In a previous report, we confirmed the accumulation of AGEs in human dentin with respect to age by mechanical indentation measurement of demineralized tooth sections and immunohistochemical staining [2], and confirmed the following phenomena; aged dentin was stiffer than the young dentin, and the stiffness of young dentin increased by glycation when tooth sections were incubated in ribose solution.
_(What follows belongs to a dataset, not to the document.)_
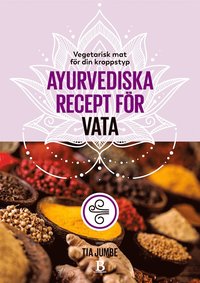 Vegetarisk mat fr din kroppstyp ? ayurvediska recept fr vata (e-bok)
AGE is the collective term for Maillard reaction products, and several types of AGE emit autofluorescence under excitation with UV light. Among the fluorescent AGEs, pentosidine is a main component of the fluorophores [3–6]. As the formation of non-fluorescent AGEs, such as carboxymethyl lysine (CML), is largely synchronized with fluorescent AGEs [7], fluorometry is a valuable tool for detecting AGEs in biological tissue. However, fluorescence intensity from steady-state fluorometry changes depending on sample surface characteristics and/or fluctuations of the light source when examining in vivo tissue. This implies resultant fluorescence intensity does not necessarily correspond to AGE levels during in vivo measurement.
An alternative method to steady-state fluorometry is time-resolved fluorometry, namely fluorescence lifetime measurement (FLM), and this approach is widely used together with steady-state fluorometry in clinical settings [8–10]. However, there have been few reports on the application of FLM to examination of AGEs. Although we previously reported that fluorescence lifetime of human dentin decreased with increasing age [11], that report lacked discussion with respect to the AGEs.
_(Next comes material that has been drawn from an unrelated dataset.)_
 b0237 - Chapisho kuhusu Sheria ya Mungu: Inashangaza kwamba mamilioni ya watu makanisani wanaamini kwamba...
In the present study, we prepared collagen gels incubated with ribose and measured changes in fluorescence lifetime of the gels in order to examine the applicability of FLM to detect AGEs. The formation of AGEs in the gel was confirmed by western blotting. We then extended FLM to visualize the AGE distribution in human dentin. Based on the resultant profile, we discuss dental physiology with respect to the accumulation of AGEs in human dentin.
2. Materials and methods
2.1 Sample preparation
2.1.1 Collagen gel
Six pairs of gel-mounted dishes with different incubation times were prepared. Type I collagen solution for cell culture (3.0mg/ml, Type I-P; Nitta Gelatin, Osaka, Japan) and ten-fold concentrated phosphate buffered saline (PBS) were mixed on ice at a ratio of 9:1. Then, 200 μL of this solution was placed onto a glass-base dish for cell culture, and was incubated for 30 min at 37°C to form a gel. In vitro glycation of the gel was performed by adding 1 mL of 0.1 M ribose in cacodylate buffer (pH 7.4) onto a dish, while the same buffer without ribose was placed into another dish as a control (first pair dish). This pair was incubated at 37°C until examination.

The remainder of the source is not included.